L’hanno in mano gli inquirenti e si tratta del materasso sporco di sangue su cui era sdraiata la povera Silvia quando l’assassino le ha sferrato i colpi che le hanno sfondato il cranio. Quel materasso è stato recuperato grazie a un commerciante della provincia a cui Caria lo aveva venduto. Quel commerciante ha riconosciuto la foto di Caria ed è certo che sia l’artigiano sardo la persona che gli ha portato il materasso usato per acquistarne uno nuovo, spiegando che il vecchio si «era macchiato di vernice rossa». Quella non era vernice, come hanno stabilito le analisi, ma il sangue di Silvia Caramazza.

QUEL MATERASSO riduce in briciole tutte le spiegazioni fornite da Caria fin qui. L’artigiano aveva infatti detto di non essere più entrato in casa dal 16 giugno, quando aveva accompagnato Silvia alla stazione visto che la donna doveva partire per Canicattì per soggiornare da una parente. Aveva detto di esserci tornato solo per prendere del materiale edile dalla cantina, ma di non essere entrato in casa. Invece, Caria in casa c’era entrato, eccome. Aveva portato un freezer per conservare il corpo della povera Silvia e gli inquirenti ancora devono capire com’è stato portato e quando il pesante elettrodomestico nell’appartamento. Poi Caria ha portato fuori, e anche qui bisognerà capire come e quando, l’arma del delitto (un oggetto contundente non ritrovato) e le lenzuola sporche di sangue. La Squadra mobile sta mettendo in fila tutte le prove contro di lui, che si dichiara innocente e continua a puntare il dito contro gli ex di Silvia.

GLI INVESTIGATORI sono convinti che Silvia sia morta subito dopo il 7 giugno, quando è tornata da un viaggio a Pavia.
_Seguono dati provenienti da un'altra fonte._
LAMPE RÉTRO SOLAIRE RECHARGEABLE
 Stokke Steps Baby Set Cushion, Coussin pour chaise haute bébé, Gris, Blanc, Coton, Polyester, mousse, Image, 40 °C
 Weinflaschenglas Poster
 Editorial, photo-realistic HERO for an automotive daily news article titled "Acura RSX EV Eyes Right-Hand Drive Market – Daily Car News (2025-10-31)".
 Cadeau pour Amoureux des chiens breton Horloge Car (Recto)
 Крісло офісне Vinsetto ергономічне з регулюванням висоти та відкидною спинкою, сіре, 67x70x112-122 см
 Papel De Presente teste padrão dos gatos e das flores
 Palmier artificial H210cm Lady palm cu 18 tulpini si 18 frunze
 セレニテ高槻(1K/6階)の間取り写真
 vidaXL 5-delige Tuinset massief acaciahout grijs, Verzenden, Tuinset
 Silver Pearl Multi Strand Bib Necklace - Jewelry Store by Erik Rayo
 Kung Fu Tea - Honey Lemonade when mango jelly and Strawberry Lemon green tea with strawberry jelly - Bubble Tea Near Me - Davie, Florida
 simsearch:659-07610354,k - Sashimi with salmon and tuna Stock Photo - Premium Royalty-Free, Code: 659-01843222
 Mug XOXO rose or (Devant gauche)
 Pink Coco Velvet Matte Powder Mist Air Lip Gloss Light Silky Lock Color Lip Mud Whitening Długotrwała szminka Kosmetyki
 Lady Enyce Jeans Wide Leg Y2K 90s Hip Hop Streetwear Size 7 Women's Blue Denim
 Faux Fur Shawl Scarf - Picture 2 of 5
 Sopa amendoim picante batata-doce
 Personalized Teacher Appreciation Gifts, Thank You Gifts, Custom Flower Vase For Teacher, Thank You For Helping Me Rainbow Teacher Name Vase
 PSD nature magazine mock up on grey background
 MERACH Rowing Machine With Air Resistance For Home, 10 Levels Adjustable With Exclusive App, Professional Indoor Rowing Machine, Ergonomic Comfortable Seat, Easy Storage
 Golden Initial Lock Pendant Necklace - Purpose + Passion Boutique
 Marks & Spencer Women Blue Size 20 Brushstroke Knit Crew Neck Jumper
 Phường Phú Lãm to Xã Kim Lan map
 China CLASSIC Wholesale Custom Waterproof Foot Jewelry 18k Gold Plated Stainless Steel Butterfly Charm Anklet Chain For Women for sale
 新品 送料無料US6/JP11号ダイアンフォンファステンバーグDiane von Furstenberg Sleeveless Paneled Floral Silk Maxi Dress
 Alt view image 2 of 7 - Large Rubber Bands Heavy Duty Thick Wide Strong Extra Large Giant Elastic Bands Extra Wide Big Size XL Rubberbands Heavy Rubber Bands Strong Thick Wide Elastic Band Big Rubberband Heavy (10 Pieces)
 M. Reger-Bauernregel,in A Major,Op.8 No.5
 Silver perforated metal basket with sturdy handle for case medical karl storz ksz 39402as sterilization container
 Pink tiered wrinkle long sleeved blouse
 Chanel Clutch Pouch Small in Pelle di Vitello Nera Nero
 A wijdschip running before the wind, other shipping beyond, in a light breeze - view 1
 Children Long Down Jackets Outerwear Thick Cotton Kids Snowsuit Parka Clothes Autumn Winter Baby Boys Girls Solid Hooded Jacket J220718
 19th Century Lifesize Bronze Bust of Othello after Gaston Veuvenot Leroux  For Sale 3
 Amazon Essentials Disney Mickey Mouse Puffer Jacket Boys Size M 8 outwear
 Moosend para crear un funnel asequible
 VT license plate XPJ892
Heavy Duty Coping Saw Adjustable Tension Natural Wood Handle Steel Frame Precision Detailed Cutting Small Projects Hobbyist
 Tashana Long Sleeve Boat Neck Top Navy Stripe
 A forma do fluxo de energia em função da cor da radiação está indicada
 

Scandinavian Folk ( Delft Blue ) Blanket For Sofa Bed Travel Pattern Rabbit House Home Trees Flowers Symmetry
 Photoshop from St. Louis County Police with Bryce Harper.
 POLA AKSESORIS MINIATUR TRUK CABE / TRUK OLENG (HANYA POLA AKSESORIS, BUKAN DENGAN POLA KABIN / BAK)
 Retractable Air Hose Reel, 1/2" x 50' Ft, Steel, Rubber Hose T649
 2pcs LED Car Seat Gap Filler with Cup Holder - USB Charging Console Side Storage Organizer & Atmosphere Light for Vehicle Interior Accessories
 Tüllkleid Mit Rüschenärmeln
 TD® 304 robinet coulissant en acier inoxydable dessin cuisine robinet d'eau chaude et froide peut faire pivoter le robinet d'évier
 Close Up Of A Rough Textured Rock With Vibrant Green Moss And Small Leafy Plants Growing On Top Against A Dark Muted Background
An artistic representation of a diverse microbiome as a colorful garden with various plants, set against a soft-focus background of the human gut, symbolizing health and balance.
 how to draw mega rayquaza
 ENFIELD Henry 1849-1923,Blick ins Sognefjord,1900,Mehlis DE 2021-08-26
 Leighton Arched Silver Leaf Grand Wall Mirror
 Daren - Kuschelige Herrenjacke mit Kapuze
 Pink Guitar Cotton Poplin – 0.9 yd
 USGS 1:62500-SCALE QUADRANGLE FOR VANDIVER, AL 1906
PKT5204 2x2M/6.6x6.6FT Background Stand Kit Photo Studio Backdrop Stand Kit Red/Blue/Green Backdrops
Qualche giorno dopo Caria ha venduto il materasso, finendo però per lasciare una traccia fatale. Poi è andato a Sestola, dove aveva preso in affitto un alloggio, ed è tornato in viale Aldini solo per piccole puntate strategiche. Questo pensa la polizia. Il suo problema è che, oltre alla pistola fumante, ci sono tanti altri indizi. Testimoni che lo smentiscono, tabulati telefonici (e relative celle) che lo collocano nel posto sbagliato rispetto a quanto ha dichiarato lui: insomma, un castello di bugie che si è sgretolato come sabbia al sole.